The question/problem is there.
The hypothesis is there.
The research/experimentation is not there.
The conclusion is serendipitous.
Is "intelligent design" a legitimate school of scientific thought? Is there something to it, or have these people been taken in by one of the most ingenious hoaxes in the history of science? Wouldn't such a hoax be impossible? No.
The "No" comes from the use of the scientific process itself. It muddles process with product. You can't get from a to z without steps b through y. The product doesn't answer how the "designer" came up with the product or what steps the "designer" took. My car had a designer but had to employ scientific processes that involved the technique of smelting iron to mold steel, chemical formulas to create the compounds in the tires, physics to determine the coefficient of drag, etc., etc., etc. I didn't just hand over $40,000 for someone's idea, otherwise I'd be driving a Bentley Continental. [I like this "idea" better than the car [idea] I have. I just don't have $175,000!]

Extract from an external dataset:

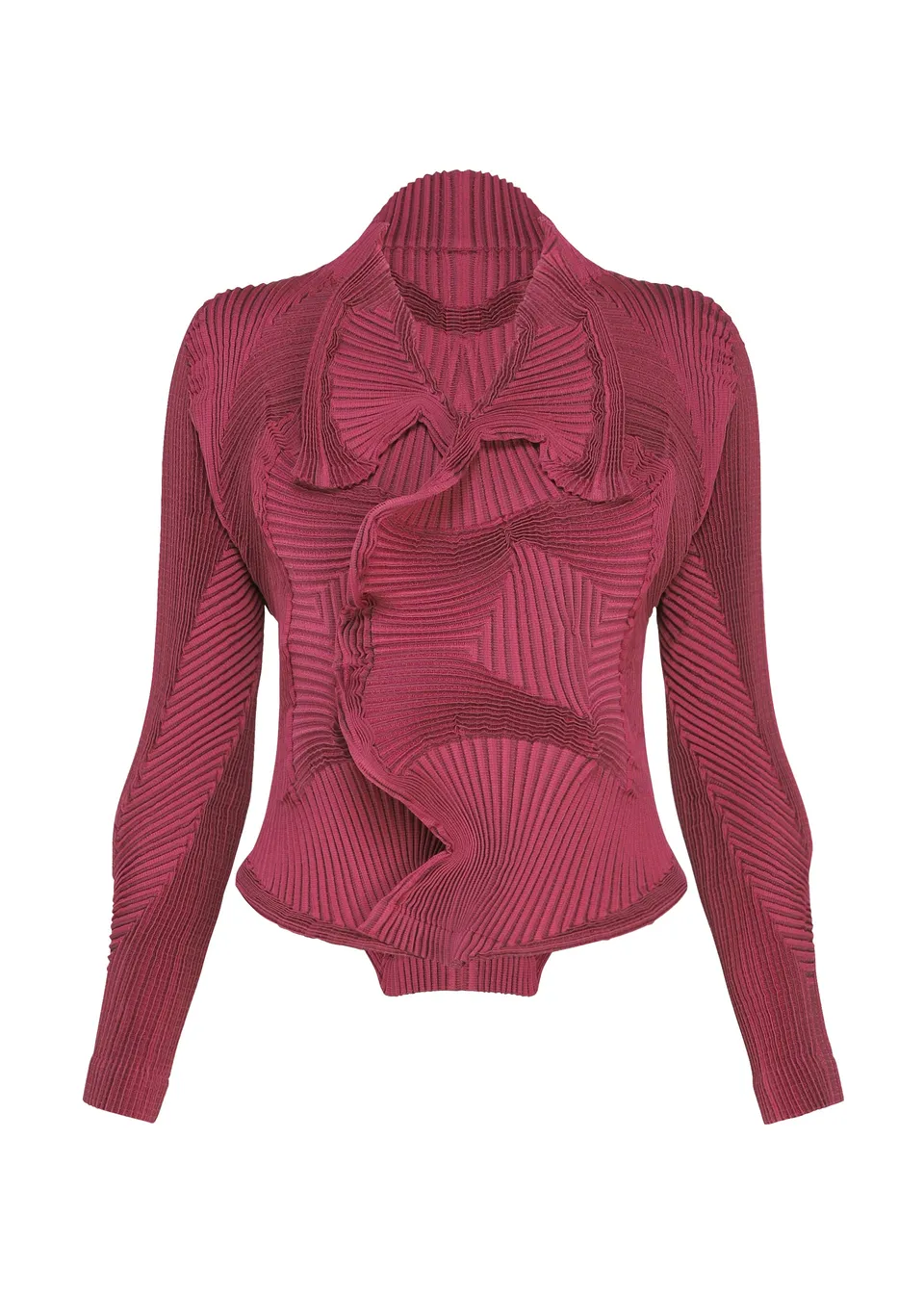 Issey Miyake TYPE-O 003-1 bunda pink skládaná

Intelligent design advocates, however, exploit the ambiguity between process and product that is built into the word "design." For them, the presence of a finished product (a fully evolved eye, for instance) is evidence of an intelligent design process. But this tempting conclusion is just what evolutionary biology has shown to be mistaken.

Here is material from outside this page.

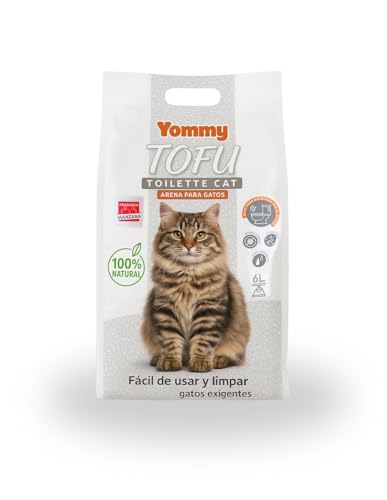 Tofu YOMMY Katzenstreu, Apfelgeruch, 6 l von Genérico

Proponents of ID do have a process, but it is not in how the design is developed. It is how they "sell" their "ideas." They are experts at intentionial, excuse me, intelligent design in promotion and propaganda!
The focus on intelligent design has, paradoxically, obscured something else: genuine scientific controversies about evolution that abound. In just about every field there are challenges to one established theory or another. The legitimate way to stir up such a storm is to come up with an alternative theory that makes a prediction that is crisply denied by the reigning theory - but that turns out to be true, or that explains something that has been baffling defenders of the status quo, or that unifies two distant theories at the cost of some element of the currently accepted view.
To date, the proponents of intelligent design have not produced anything like that. No experiments with results that challenge any mainstream biological understanding. No observations from the fossil record or genomics or biogeography or comparative anatomy that undermine standard evolutionary thinking.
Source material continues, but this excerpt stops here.